### Task
Return the listing that follows exactly, with no pictures included.

········

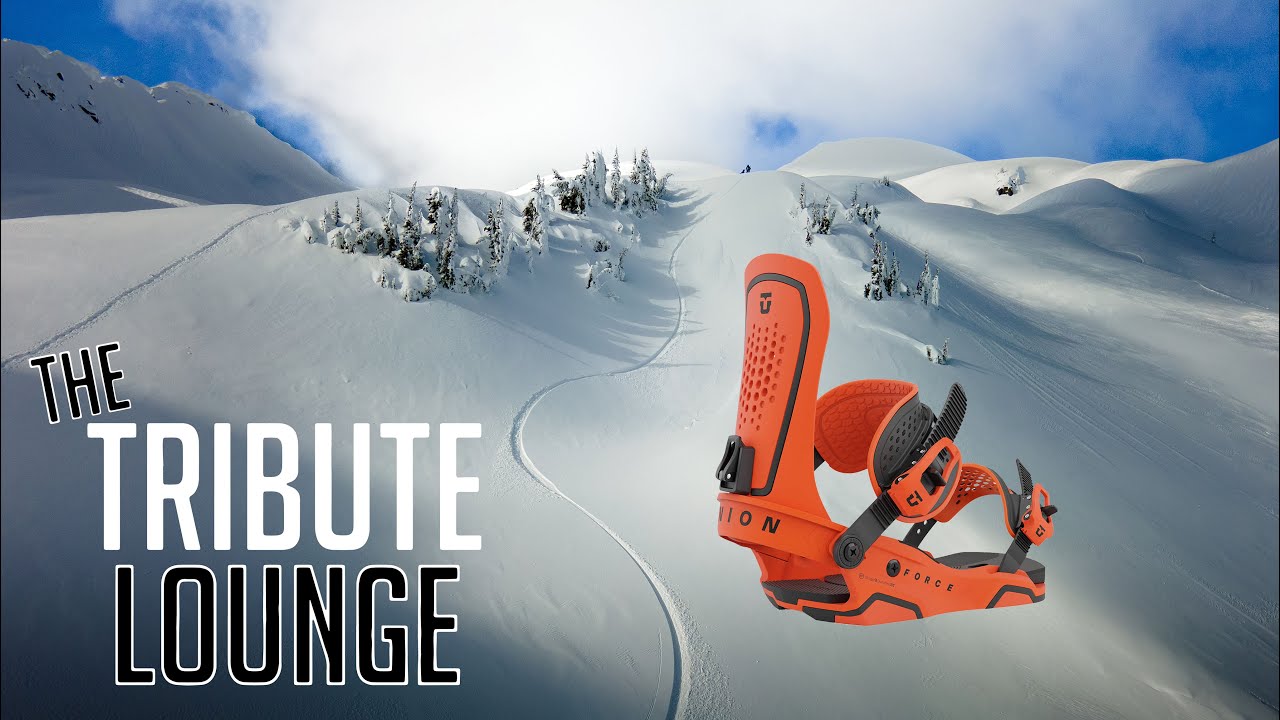 The New Union Force Binding & 2024 Union Overview ( All Models)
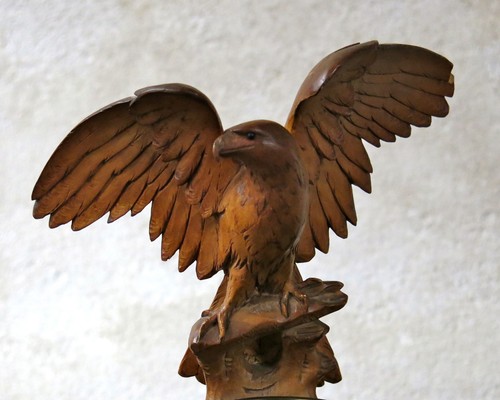 Aigle foret noire très bel - aigle,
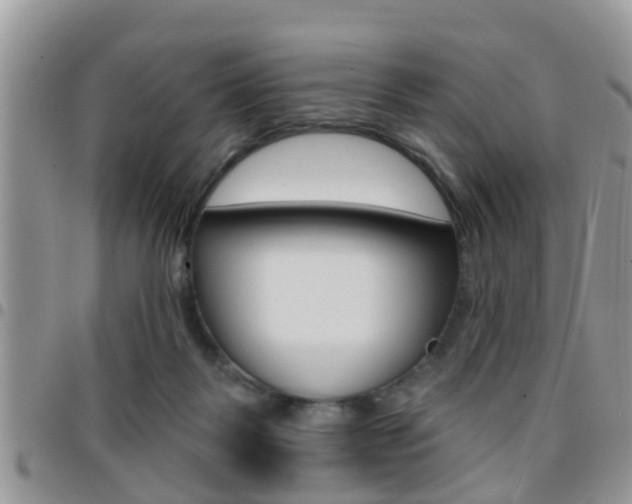 X0000096150123200801180838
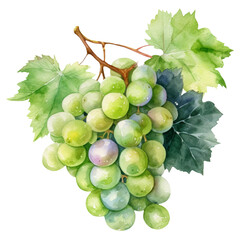 Fototapeta premium Watercolor illustration of green grapes. Fruit, summer. Transparent background, png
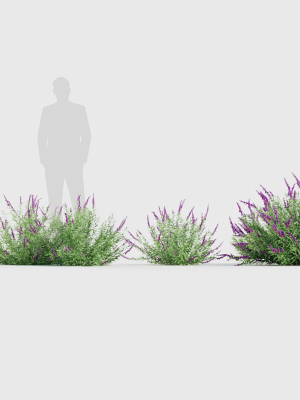 mexican-bush-sage-salvia-leucantha-3d-model-53318fbaae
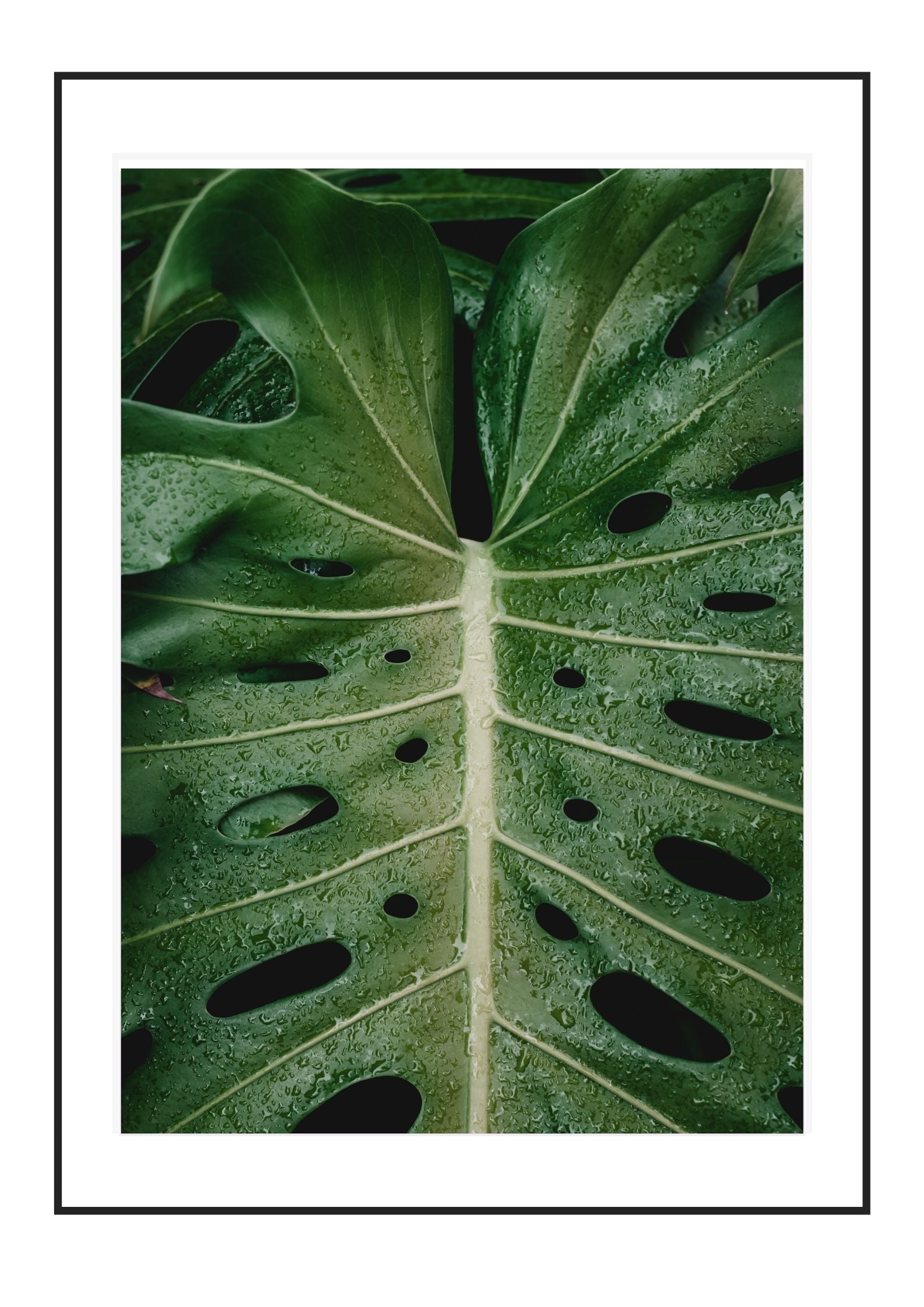 Butterfly leaf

········

### Response area
 The New Union Force Binding & 2024 Union Overview ( All Models)
 Aigle foret noire très bel - aigle,
 X0000096150123200801180838
 Fototapeta premium Watercolor illustration of green grapes. Fruit, summer. Transparent background, png
 mexican-bush-sage-salvia-leucantha-3d-model-53318fbaae
 Butterfly leaf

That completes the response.